After I moved away to college, I began to realize what a gem she was. When she came to the same university, it would give me a thrill to see her on campus, running her own life very successfully, without my interference.
One day, after I was newly married and struggling to get our piece-of-junk car into reverse, I bowed my head asking for a small miracle to get that stubborn gear shift to slip into place. I had parked illegally to run a paper inside to a professor and was praying I’d make it back before I was slammed with a parking ticket we couldn’t afford.
I opened my eyes and what should appear, but a beautiful, long blond haired angel walking right past my windshield.
“Rachelle!” I called out. “Thank heavens. Push me back from the curb so I can get out of here.”
A university with 32,000 students, and my sister was the one who happened to be walking by at the moment I asked for rescue? Seriously?
She gave me a quick hug, rolled my car back, and I was on my way again.
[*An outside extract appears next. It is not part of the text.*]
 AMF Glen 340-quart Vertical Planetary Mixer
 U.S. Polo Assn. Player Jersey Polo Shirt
My husband was blessed with five little sisters, who automatically became my sisters when we married. And though I was too old to borrow their clothes or make them over into my style, I found something to borrow that is so much better.
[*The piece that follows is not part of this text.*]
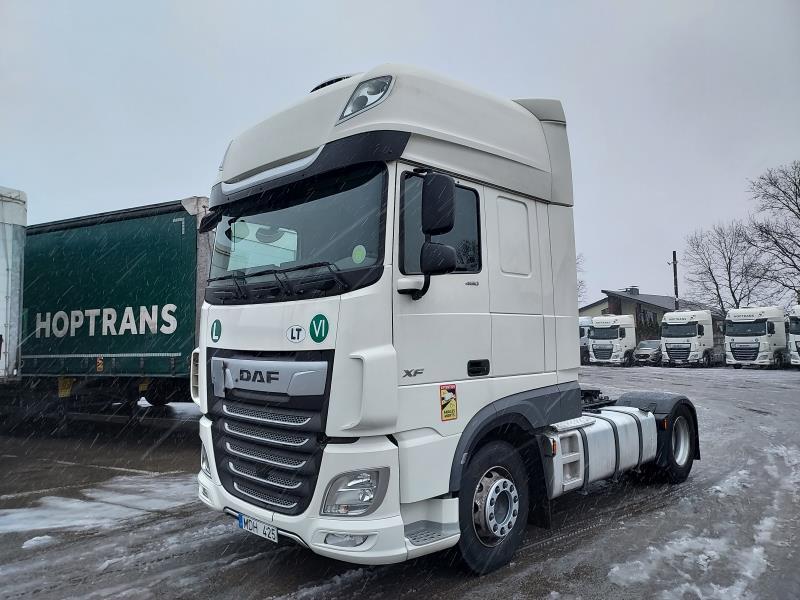 DAF XF 480 FT 4X2 null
Belief in each other’s children.
Let me explain. There were times that my toddler would say the “S” word…you know “Shut u_!” My Mom brain would immediately picture them in prison, sent there for their temper issues.
A calm and loving sister would just smile and say, “It’s going to be okay. It’s a phase. She’s a good girl.”
Later as teenagers or young adults, I’d worry about my kid’s choices and how they were closing doors on future possibilities. Another sister would put an arm around my shoulder and say “I know him. He’s a great guy. Give him space to figure it out and he’ll make you so proud.”
When a sister in the gospel recently told me about her child purposely leaving her out of a moment that is considered to be one of those “parent pay-days,” I was able to return the favor and lend her my faith that this boy loves her and in his immaturity, had no idea how much this moment would have meant to her.
IF all we did was borrow a cup of sugar, or a pair of shoes, it would waste a relationship that could be so much more beneficial.
To borrow one another’s strength, faith, energy, creativity, and perspective, especially in parenting our children, fits a need every time.
God gifted us sisters that we are meant to borrow from. It is part of His perfect plan for happiness and success.